── Given data ──

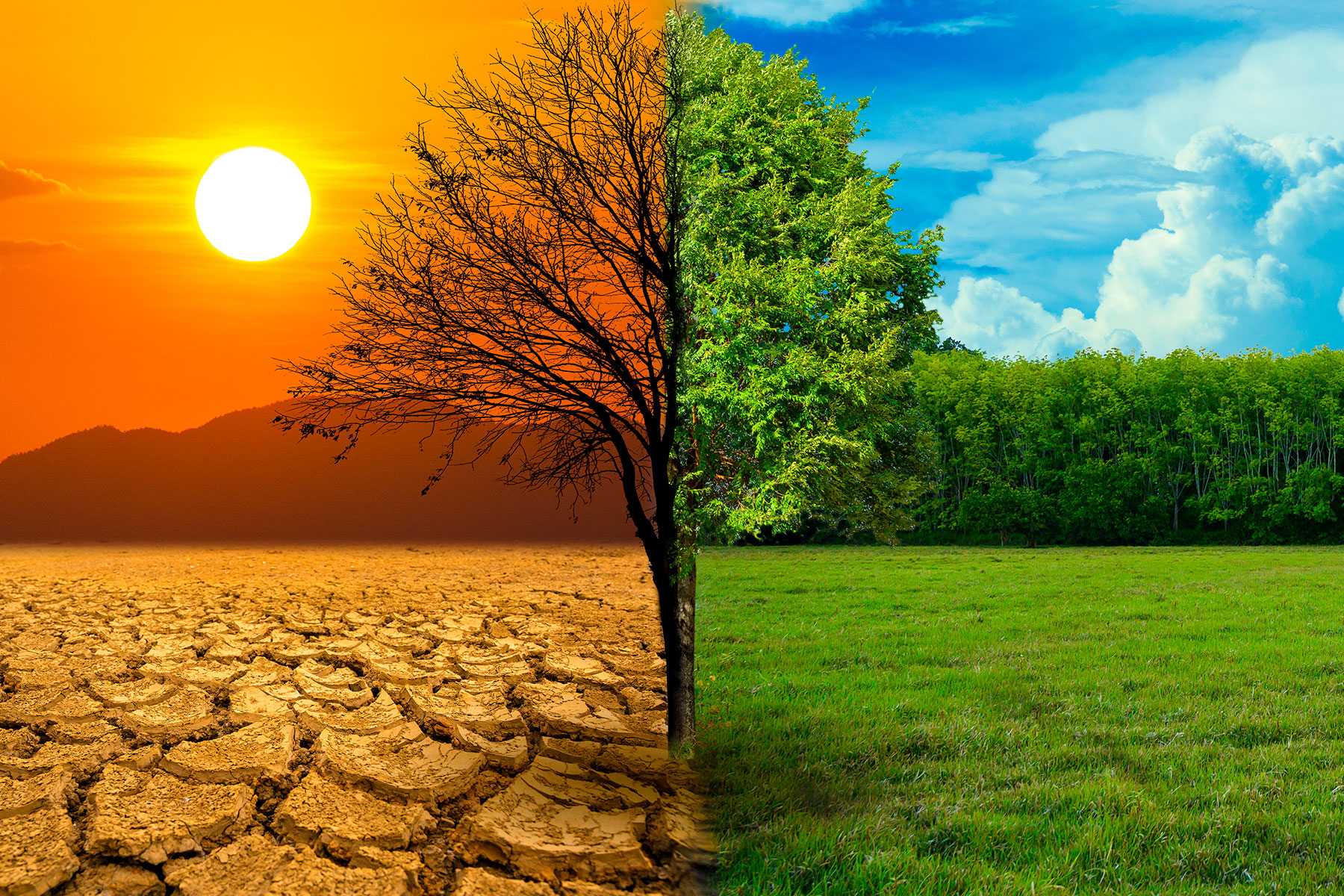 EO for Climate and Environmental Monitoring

───
── Given data ──

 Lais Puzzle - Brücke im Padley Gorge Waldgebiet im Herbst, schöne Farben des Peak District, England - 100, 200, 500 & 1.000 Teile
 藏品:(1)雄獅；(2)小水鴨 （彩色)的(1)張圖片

───

● Your task
Give back, word for word, only the lines above from the line holding "Lais Puzzle - Brücke" to the line holding "藏品:(1)雄獅；(2)小水鴨 （彩色)的(1)張圖片", both included.

● Response
 Lais Puzzle - Brücke im Padley Gorge Waldgebiet im Herbst, schöne Farben des Peak District, England - 100, 200, 500 & 1.000 Teile
 藏品:(1)雄獅；(2)小水鴨 （彩色)的(1)張圖片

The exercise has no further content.